As a teacher, I will work to normalize mistakes by placing the motto "FAIL FORWARDS" at the top of my math bulletin board, and teaching my students that the basis of failing forwards is reflection. I want to emphasize that mistakes are a vital component of the learning process, so I will give my students opportunities to share a mistake that they made with the class, how they discovered the mistake, and what they did to correct the mistake or solve the problem in a different manner. 

"Math Who", Teachers R Us Homeschool, 2016
"Math Who" is a fantastic game that can be used to develop problem solving and reasoning skills, encourages math inquiry, and demonstrates how useful mistakes can be. In this game, one student chooses a number, and the other students have to ask questions to figure out which number they chose. During the course of this game, students are bound to make many mistakes, and a key to winning the game is realizing where they made the mistake and correcting their path of reasoning in order to discover the correct number.

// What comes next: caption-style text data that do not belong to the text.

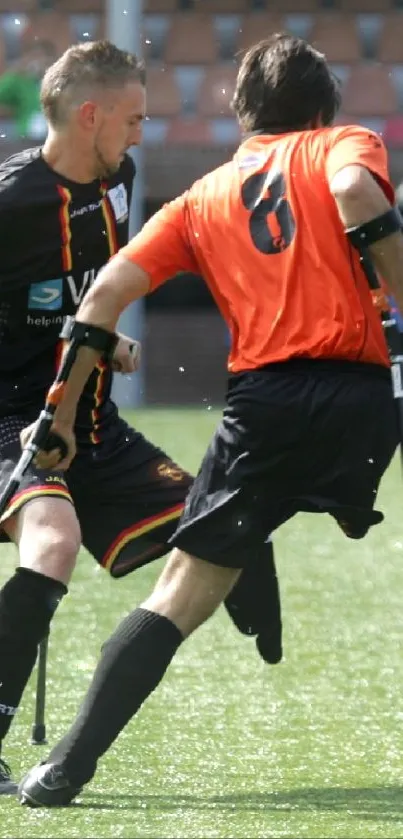 Amputee football players in action on a vibrant green field.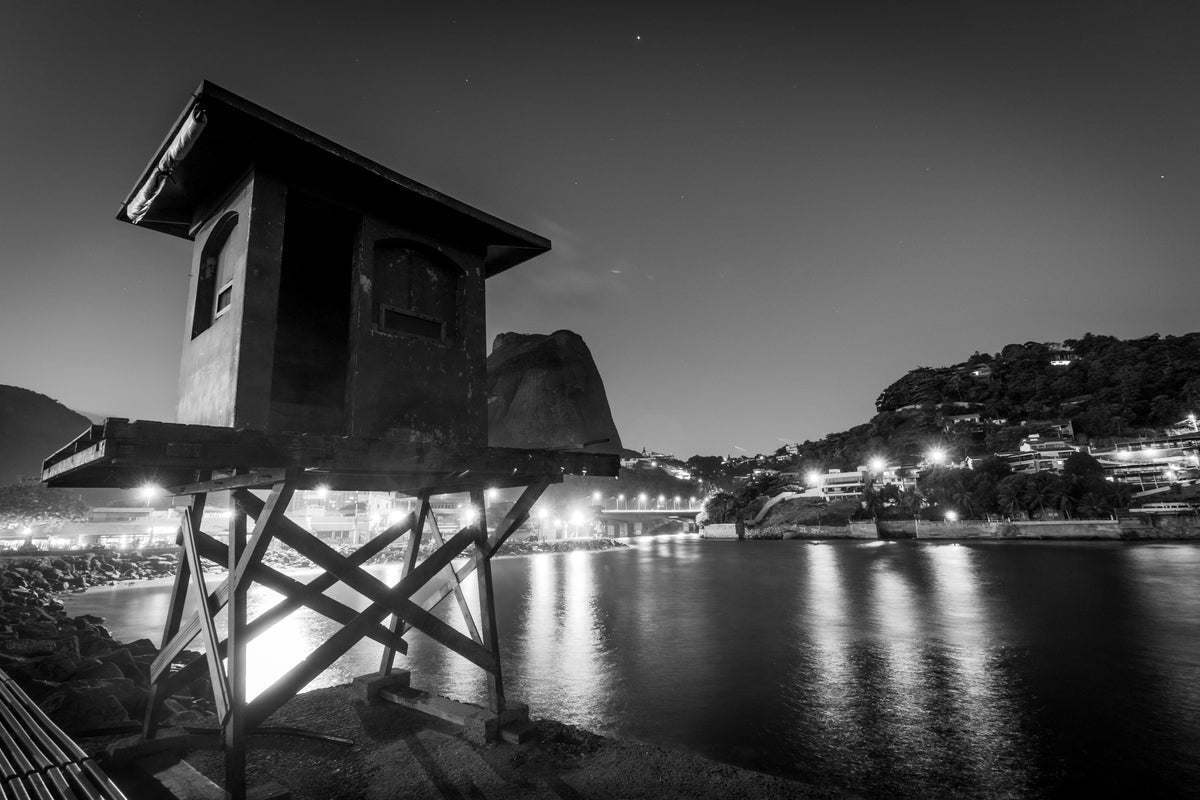 a battered hut at the water's edge framed by city lights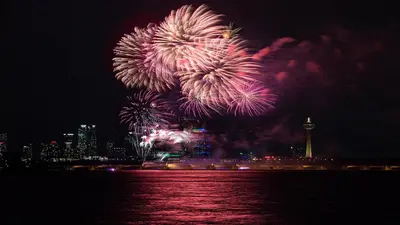 a fireworks display over the water with a city at Holiday Inn Niagara Falls-By the Falls by IHG in Niagara Falls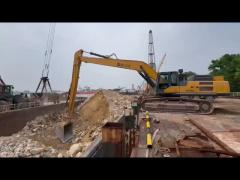 Excavator long arm with unloading bucket for unloading at jetty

If you are working with a more advanced class, you could have the students who are guessing choose a number themselves, and by the end of the game, explain why the number they had chosen could not have been the correct answer. This challenge would highlight the skill of recognizing the exact moment where a path of reasoning encounters a mistake that needs to be corrected.



"The Roses of Success", Chitty Chitty Bang Bang, 1968


1 comment:

  1. Hey Nicole!
    I like how you highlighted the importance of making mistakes in your blog for this week. I thought that this was one of the critical points for this weeks lessons, as it introduces a concept that is still not yet fully appreciated in many schools. Much of learning can only come through mistakes, so why would we approach making mistake as a negative thing in our classrooms? I agree that positive encouragement is the step that educators require to approach mistakes. Otherwise, we will be leading our students towards a fixed mindset, which we outlined last week as not beneficial to student learning. Great Post!